Conceptual and visual artist Ellen Espelund (38) is exhibiting her work “I want my freedom” at 3rd Ward, Brooklyn from May 6th through June 12th.
Opening reception was Friday May 6th where the artist attended herself. The group-show has been a great success and has therefore been extended two times to make it possible for more people to see it. The work she is attending with is a photographic work that was specifically chosen for this exhibition by the curators. The other exhibitors are artists and designers based in New York. "To come from Norway and get the opportunity to exhibit here is amazing. This area of Brooklyn is a melting pot of creativity and is often described as where things really happen in relation to art and design in New York at the time and it has been a dream to come here” she says.
Ellen Espelund is born in Oslo, Norway in 1973, currently based in Lillehammer, Norway. She made the choice to dedicate herself fully to art in 2005/2006 after putting art aside in earlier years. She has also wanted to build her artistic career slowly and solid, and has therefore turned down many lucrative offers along the way as time and finances do not stretch in the first phase of building up a foundation for a lifelong career in art. She does not feel she has had to rush things, because as she says: "I'll keep on with this for the rest of my life and then there is no urgency to do everything at once. A solid foundation for my art and projects is more important to me." But after about five years, and with a huge portfolio where only a fraction has been shown online, a small amount private, and nothing on public display, she felt that she was ready to take it to the next level. That her debut as exhibitor should happen in New York, came on the other hand as a surprise to her. A surprise that was very positive and welcomed. The fact that this particular work was chosen also felt very special as it’s a work that is addressing many of the issues she works with as an artist. It’s a work that raises controversial questions in relation to the prejudices we often have with us, and what choices people make. What shapes our choices and how can we choose more in line with what we really deep down want and dreams about. Are we as free as we think we are in the western world?
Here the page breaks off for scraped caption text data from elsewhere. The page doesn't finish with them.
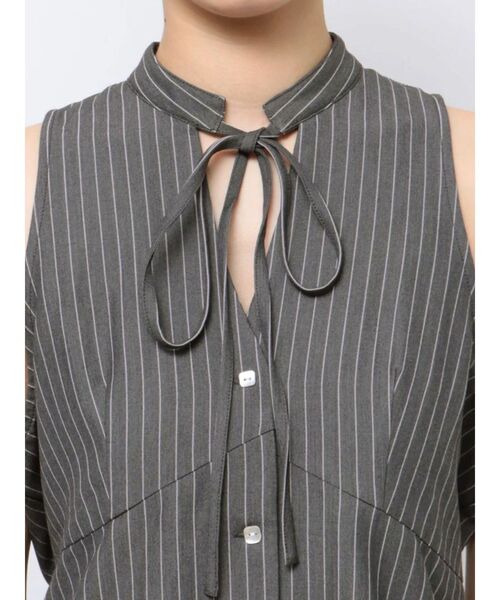 jouetie(ジュエティ)の「フロントリボンアメスリブラウス(シャツ/ブラウス・レディース・ピンク/グレー/オフホワイト・MEDIUM)」の18枚目の写真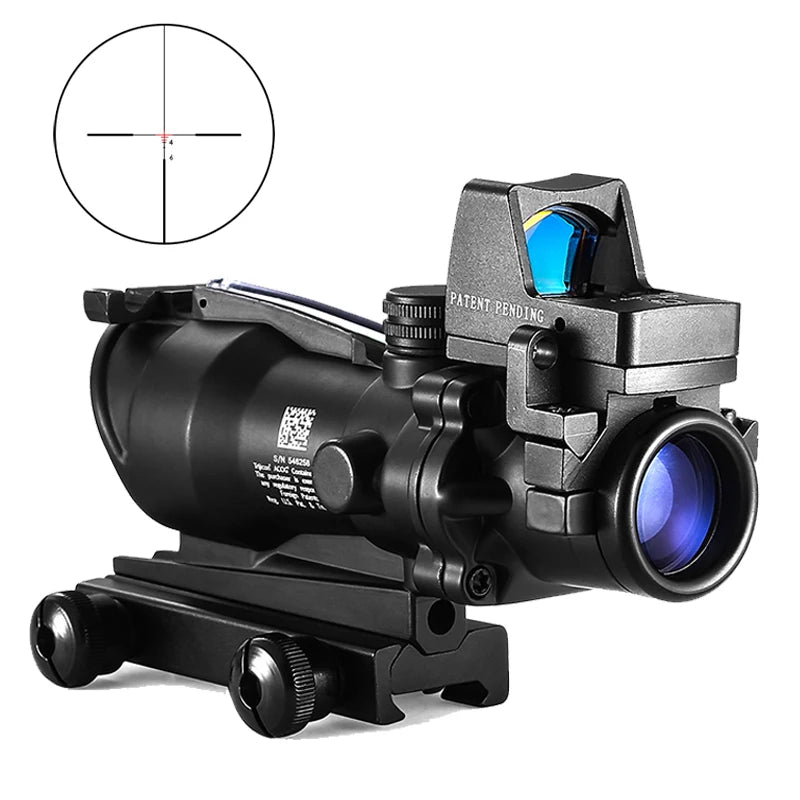 Nabila Adjustable 4x32 Red Dot Rifle Scope With 20mm Rail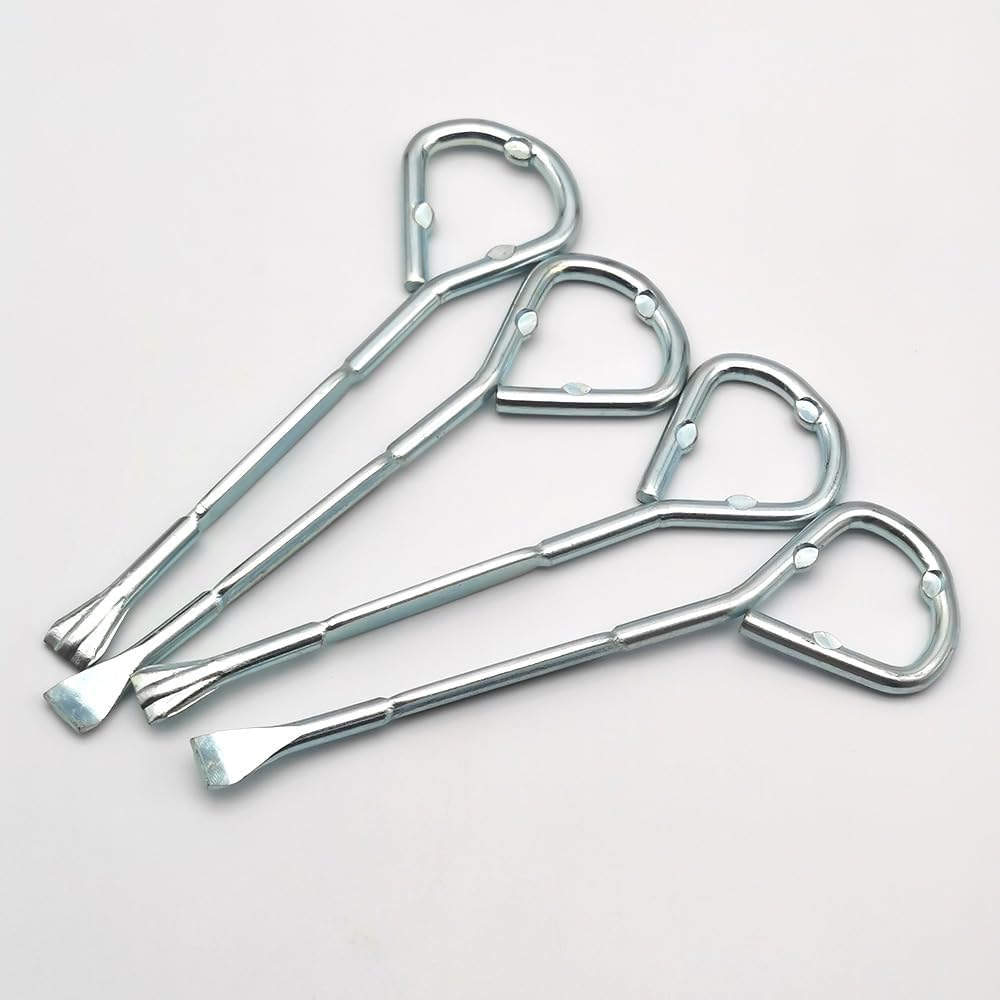 Metal Paint Can Opener Bottle Opener Steel Paint Can Opening Tool Multifunctional Painter Tool Can Opener 4 Pack (4) - Image 4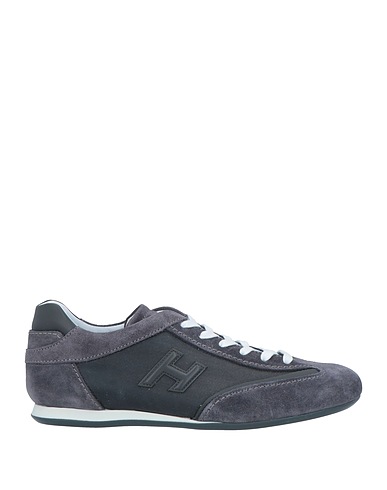 HOGAN Sneakers Piombo Pelle, Fibre tessili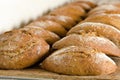 Rye-free bread on a tray Royalty Free Stock Photo
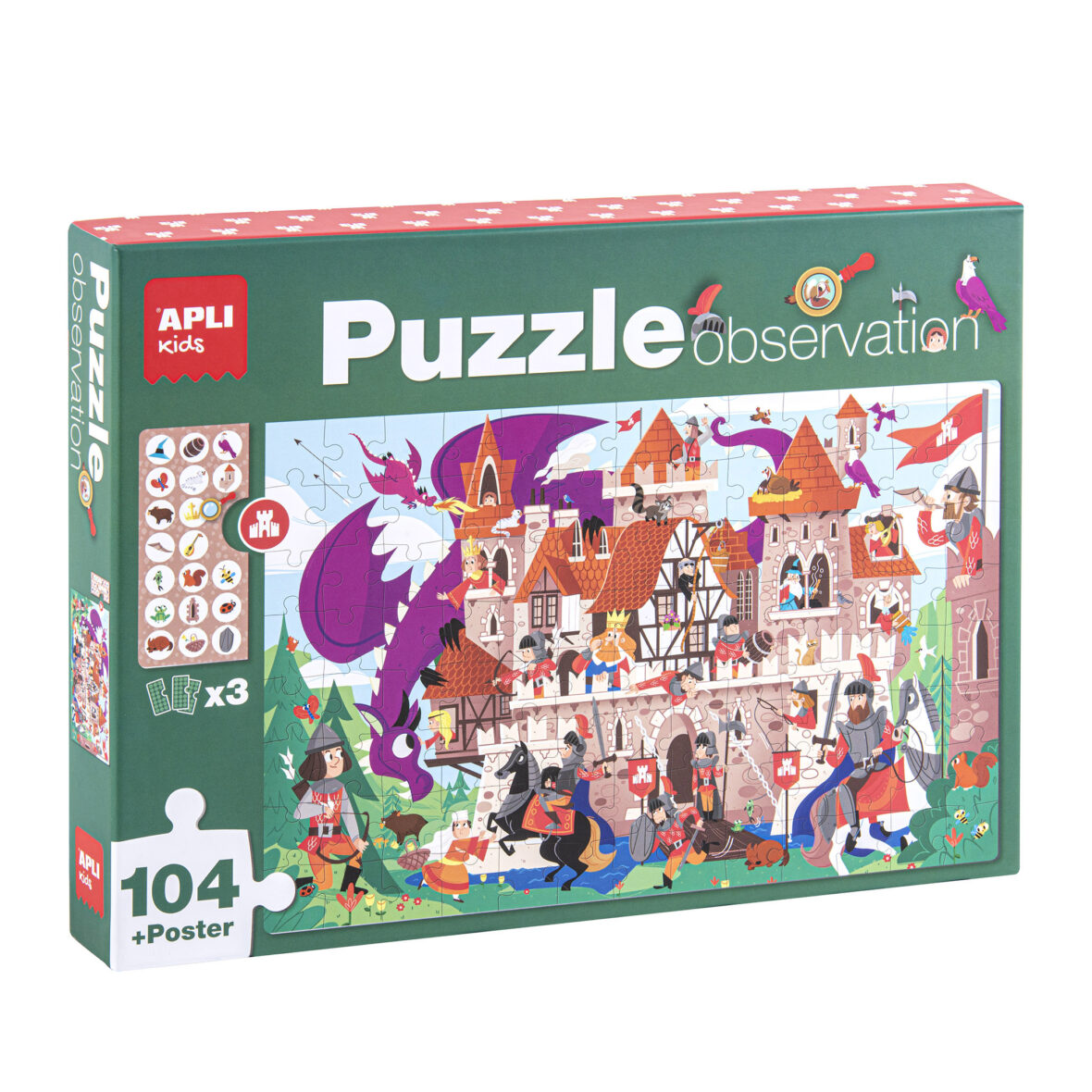 APLI Puzzle Observation Castle (104 pieces)
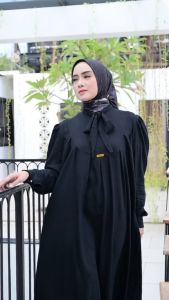 Gaamis Azura Polo Linen / Gamis Tali Ld 110 cm Muslim Nyaman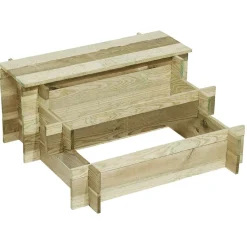 Carré potager et composteur en pin 78x78xH.38cm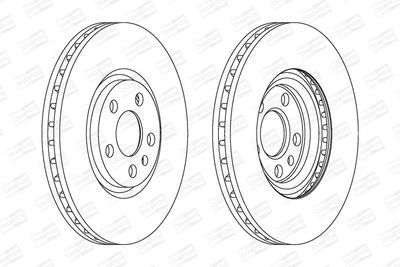 BREMSSCHEIBE CHAMPION 562224CH 1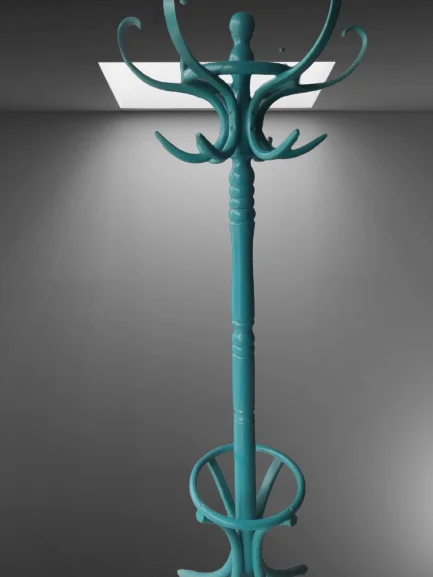 Askılık 18194 Bambu Model DEMONTE Turkuaz Renk Parlak Boya Şık sa Askılık 18194 Bambu Model DEMONTE Turkuaz Renk Parlak Boya Şık sa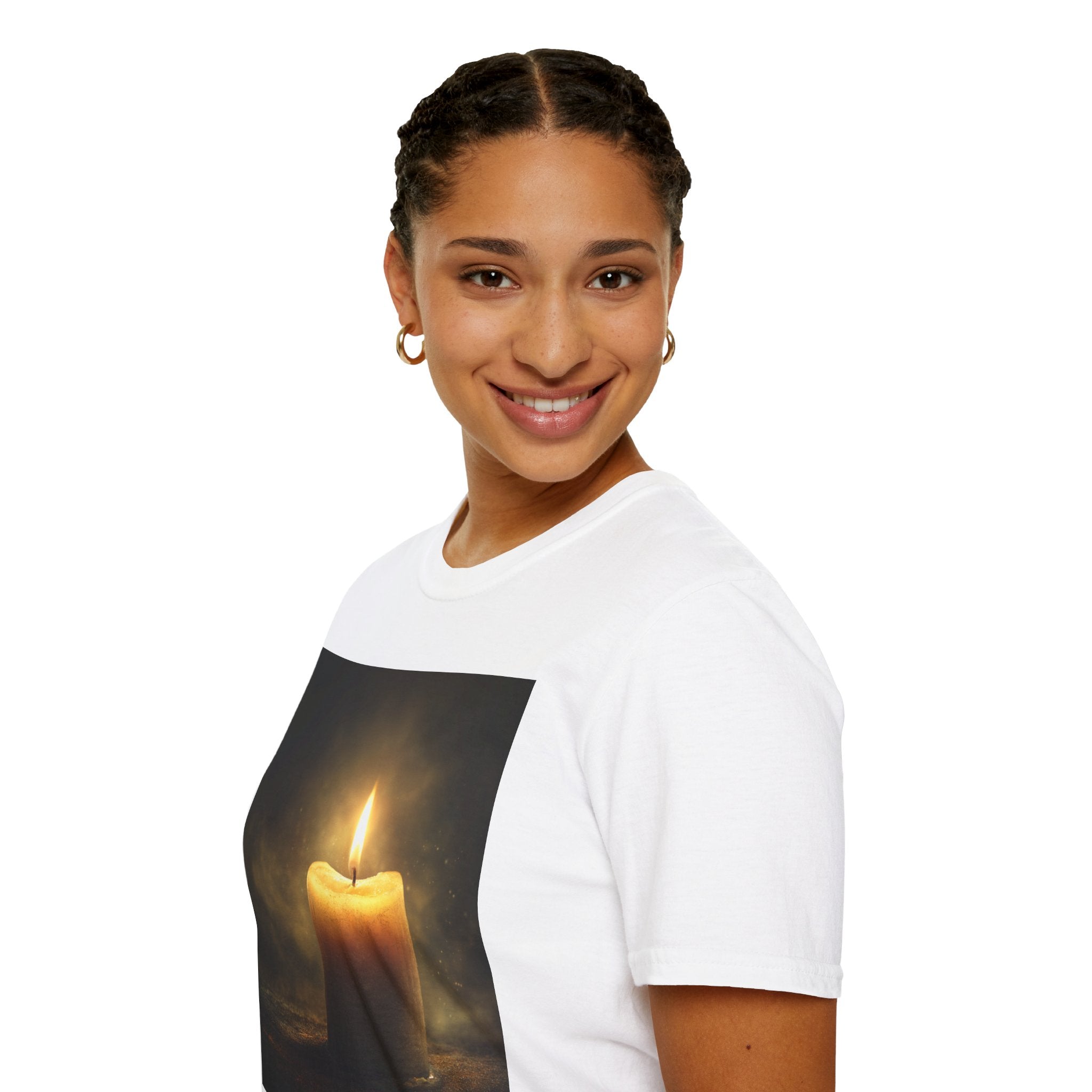 Lightbearer Unisex T-Shirt, Cozy Gift for Home Lovers, Relaxing Aesthetic Apparel, Perfect for Birthdays, Meditation, or Home Decor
The concern about these matters, the authenticity in how we live our lives has a base in the artist’s own life story and experiences. Her background in politics, being brought up by parents who taught her about the importance of being independent as a woman, and the fact that she has herself been through a process that took almost a quarter of her life when she completely buried the artistic side of her, or at least tried to when she was only 18 years old due to sudden losses of her mother and grandmother. The needs to handle the extraordinary challenges that followed standing alone as a woman in the family at early age, raising two children alone, studying at night, working extremely hard and more made her strong. She was eager to do what she thought at the time was the right thing to do in life, but as the years went she felt increasingly suffocated by not getting to express herself freely through creativity. The need to be who she really was became stronger. However a total physical collapse had to come before she realized it was time to change direction and find her way back to art. "To experience this after many years of hard work was perhaps not in the long run the worst that could happen to me, since that was what brought me back to art," she says, but points out: "You do not become an artist due to experiencing the tough side of life. The artistic soul is something you are born with, but losses and pain can often free the artistic mind to become even stronger, because you can’t describe without having experienced."
Ellen Espelund works in a very special way with her portraits. She often works in similar ways that photographers in the past did except having the advantage of digital cameras and computer, but there is no use of advanced photographic lighting or expensive editing programs and cameras in her studio, because as she says: "100 years ago, they could also make great pictures without the sophisticated equipment available to buy today," A majority of her work falls into the category of staged photography where the model appears as an actor. She often adds items or other to the costume that has a special meaning, a story behind. The way she gives so much of herself in a photographic project both personally and practically makes her at times not to touch her camera equipment at all. In those periods, she paints and writes, before she again starts on a new photographic project. Photography is a medium she has loved since she first started photographing at the age of 11. As an artist she also works extensively with project outlines for larger installations that she dreams about getting the funding to realize in not too distant future.